Note that – rooted and established in love – not yours for him, but his for you (see 1 John 4:10, 11). Like a great tree, we can put deep roots down into his love for us.
Maybe, as we come out of yet another lockdown (and who knows if it is the last?) you need to take time to look after yourself spiritually. You need refreshment in Christ, more than a longer to-do list. It is not selfish to come closer to Christ for yourself before restarting some of your pastoral ministries.
Recall one of the great dangers of the pandemic
Lockdowns have meant that we all have become a bit more wrapped up in ourselves, haven’t we? We can forget that our ministry is a calling to give ourselves away.
Amy Carmichael famously said, “You can give without loving. But you cannot love without giving’. Osler puts it like this, “We are here to add what we can to life, not to get what we can from life.”
Or better still, the Lord Jesus, “For whoever wants to save their life will lose it, but whoever loses their life for me will save it.” (Luke 9:24) We are called to show what that means to the sheep we care for.
Osler also noted, “He who studies medicine without books sails an uncharted sea, but he who studies medicine without patients does not go to sea at all.” He could be talking to pastors about books, study, and people! Our calling is about God and people – all the other things we are skilled in, even the handling of the Word, are means to helping people love God.
Let me encourage you to allow Jesus’ people to fascinate you and interest you. Call on your best resources to aid the flock, rather than seeing ‘church’ as an organisation you have to just run week after week.

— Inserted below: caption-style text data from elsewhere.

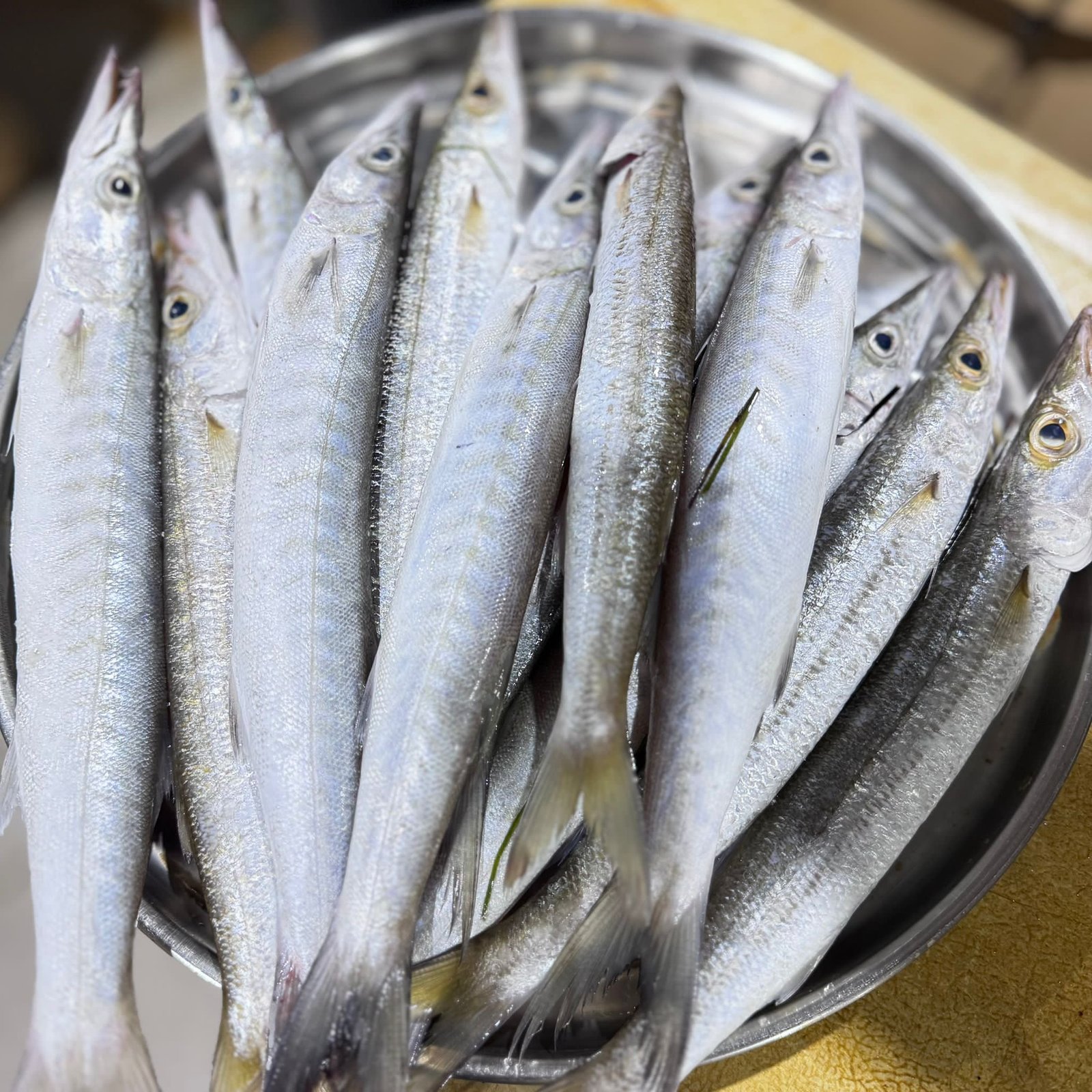 2025/12/1000330562.jpg Fresh Barracuda Fish - Image 1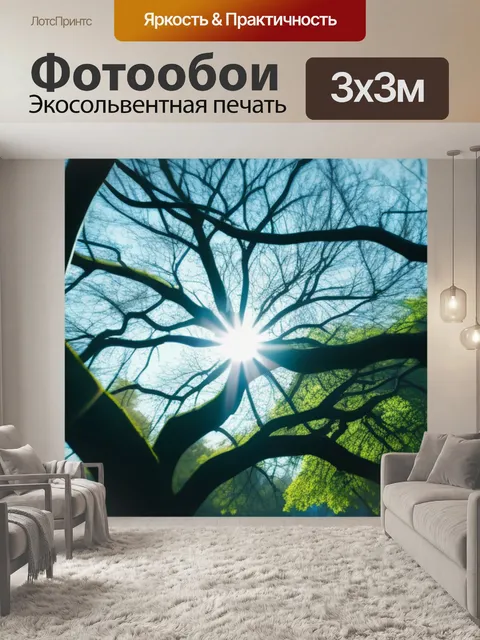 Фотообои солнце сквозь ветви деревьев в парке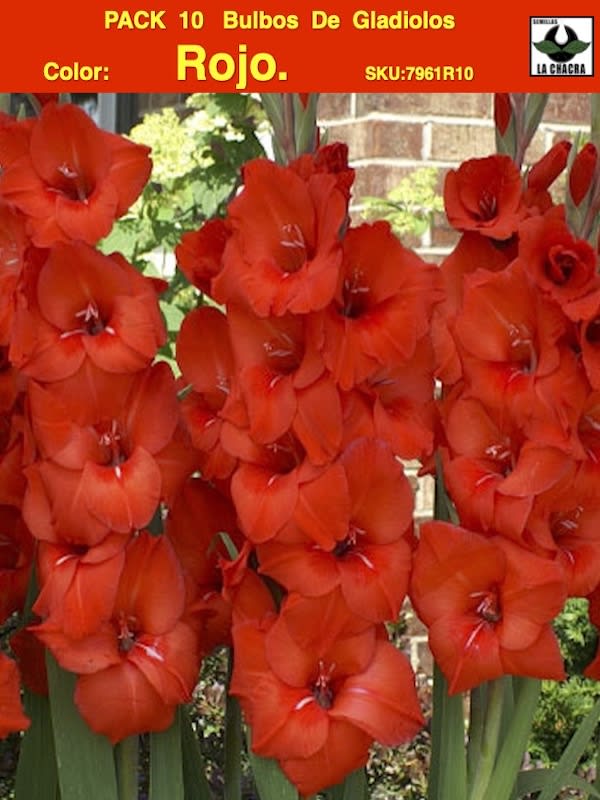 Pack 10 Bulbos Gladiolos Importados. Color. Rojo1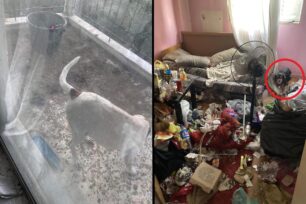 Ωραιόκαστρο Θεσσαλονίκης: Συνελήφθη άνδρας για κακοποίηση σκύλου – Αναζητείται ο αδερφός του που κακομεταχειριζόταν τα ζώα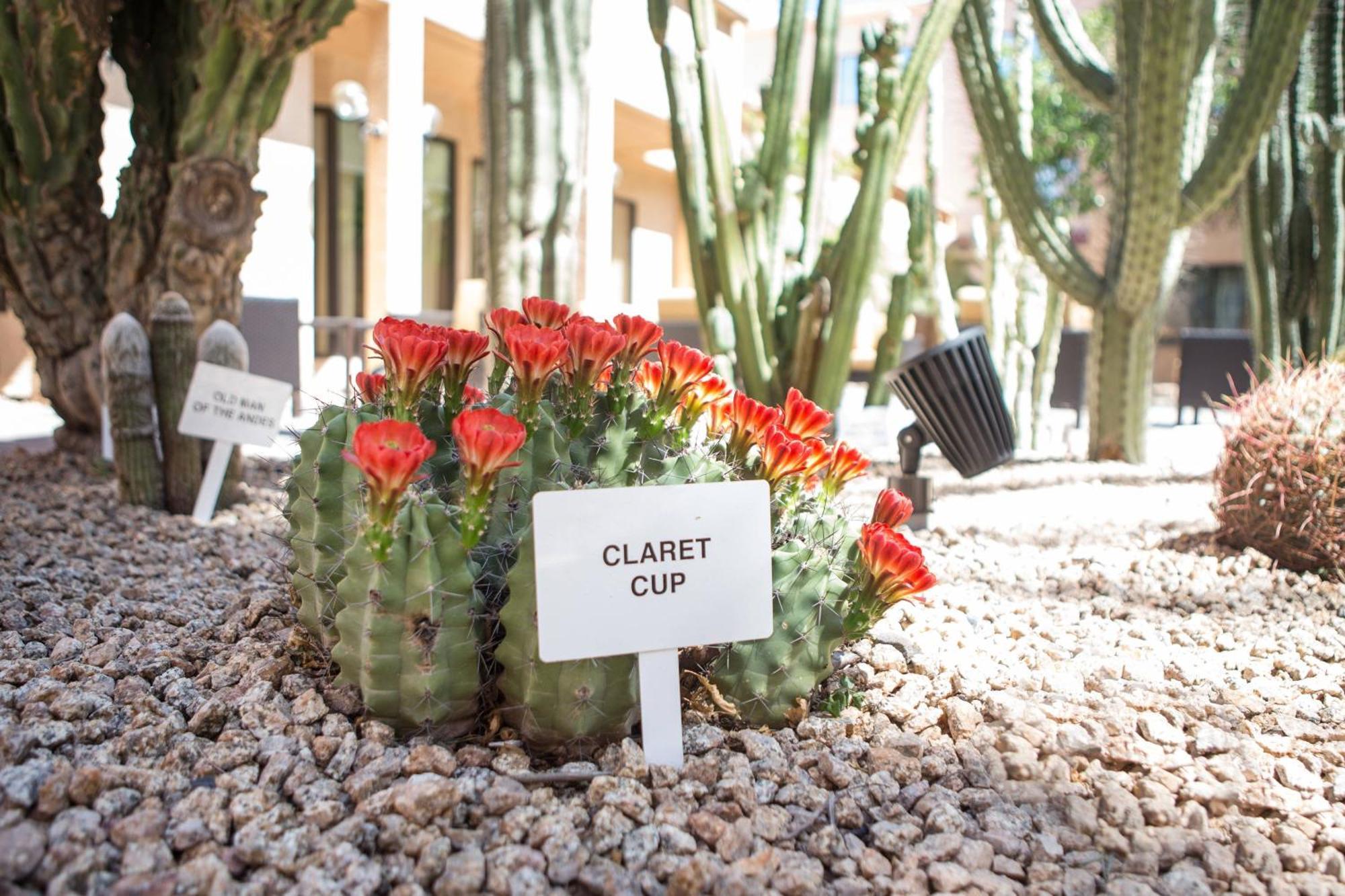 Courtyard By Marriott Phoenix Mesa Eksteriør bilde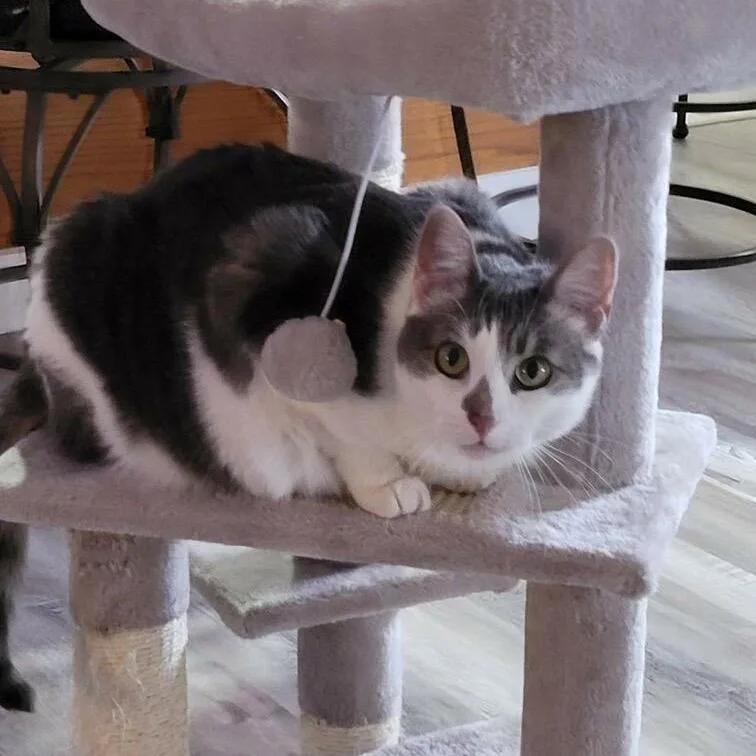 An adult small-sized female Black Domestic Short Hair cat named Lola for adoption in Wakefield, MA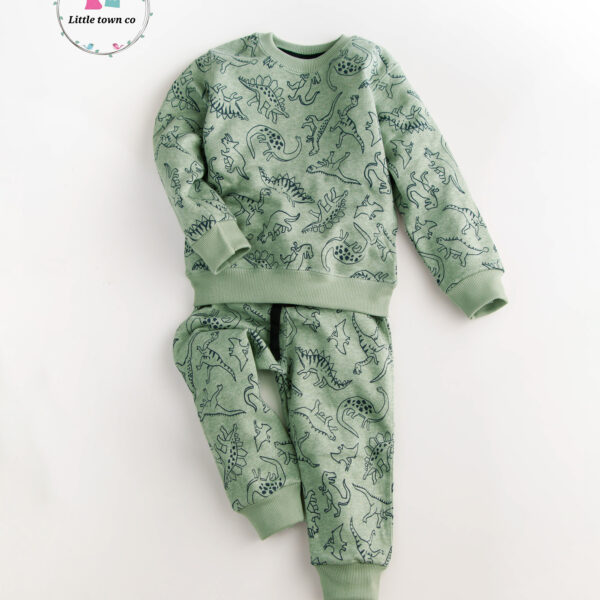 Dino Print Kids Terry Tracksuit
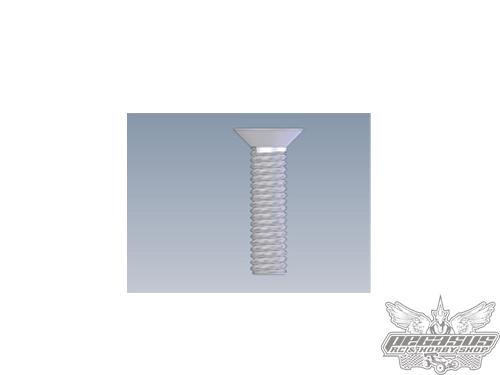 Intech 4x16 Counter Sunk Screw x10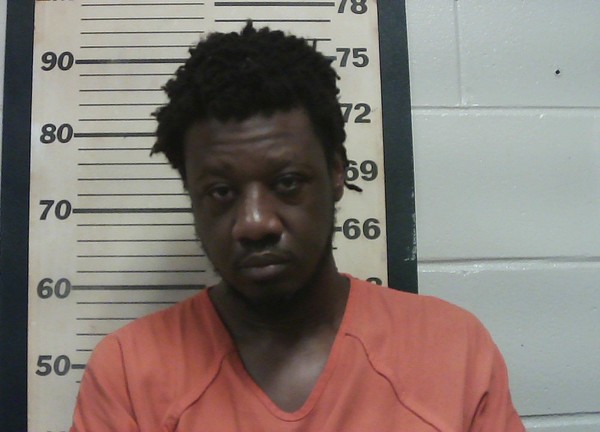 Mugshot of BRANDON HUDSON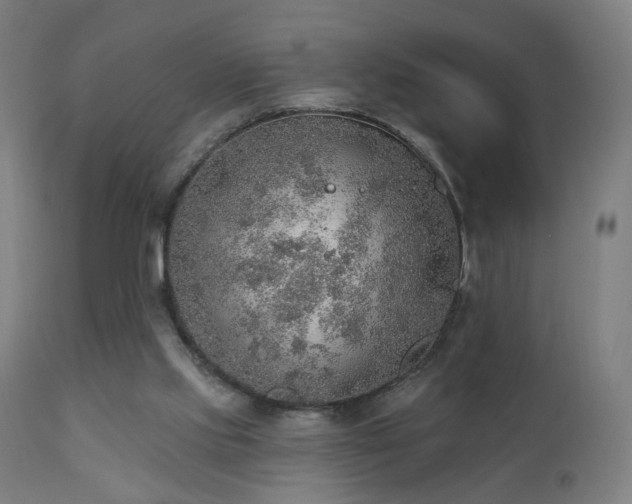 X0000110980061200906191414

Keep recalling the purpose of all of you do as a pastor – to present this bride to Jesus – who loves his bride infinitely and for all eternity. What a wonderful moment that will be! Purpose is also one of the things we need for our own wellbeing.
Remember to look after your whole self
There are some things we can do to care for ourselves better. Practice a good diet, get regular exercise and keep up patterns of sleep. Revisit purpose and enjoy relationships. The pandemic may have cut some of these things down or led to poor habits developing. Take time to redevelop them.
Do not neglect that healthy trait of having wider interests and hobbies. Lloyd-Jones always maintained his interest in medicine – he would read the British Medical Journal on Saturdays to keep his mind fresh. Just don’t get stuck in the study all the time, hooked onto a computer! Add some fun and downtime.
I remember the late Bob Horn, first editor of Evangelicals Now, telling me to keep playing hockey “for as long as I can”. I’m still going!
You won’t be much good at helping others if you don’t look after the whole of you, and the whole of your family.
In conclusion, I hope that my doctor friend’s wisdom about acute and chronic will encourage you to be the pastor-teachers God wants you to be, helping those who are soldiering on to their eternal home. It has certainly helped me.